**Input data**
--------
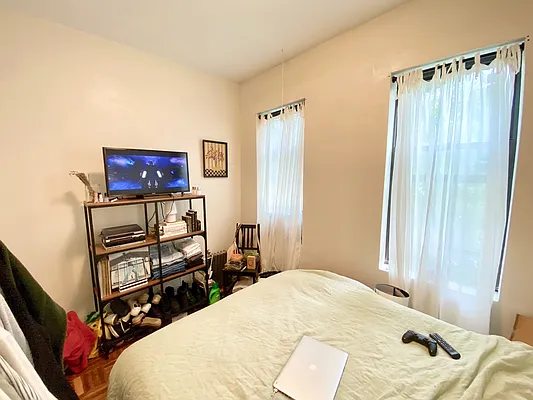 Rented by Zjama Realty Corp | media 9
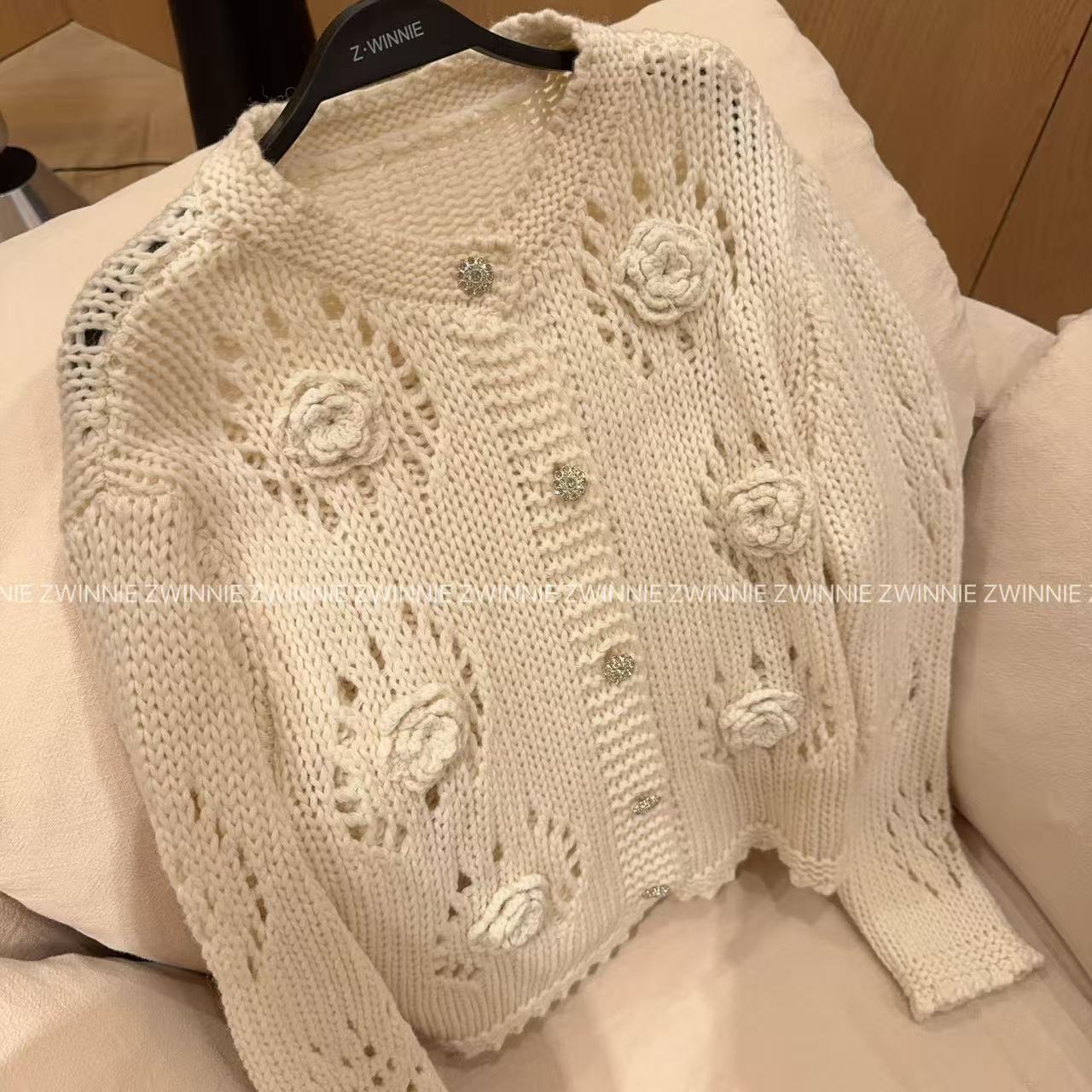 Zwinnie/詹维尼【小香钩花开衫】细腻柔软不扎人开衫 XH-WNX202527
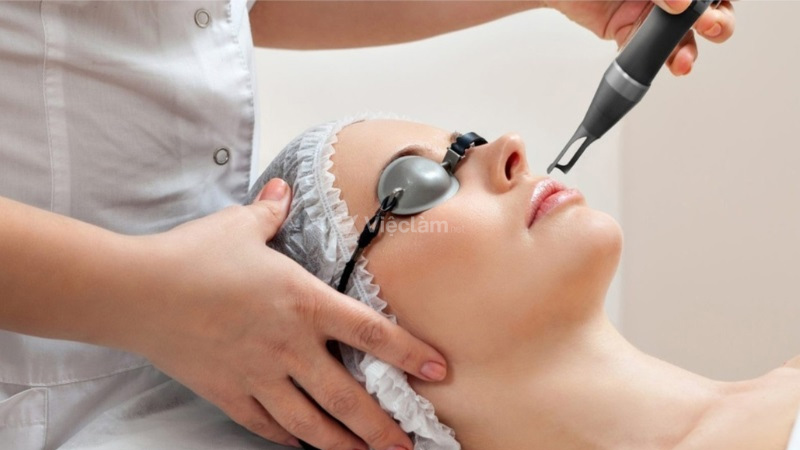 Học spa bao lâu ra nghề? Thời gian đào tạo và lộ trình thăng tiến Chuyên viên chăm sóc da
--------
**What the task requires**
Without including any image, reproduce the full listing above as written.

**Expected answer**
 Rented by Zjama Realty Corp | media 9
 Zwinnie/詹维尼【小香钩花开衫】细腻柔软不扎人开衫 XH-WNX202527
 Học spa bao lâu ra nghề? Thời gian đào tạo và lộ trình thăng tiến Chuyên viên chăm sóc da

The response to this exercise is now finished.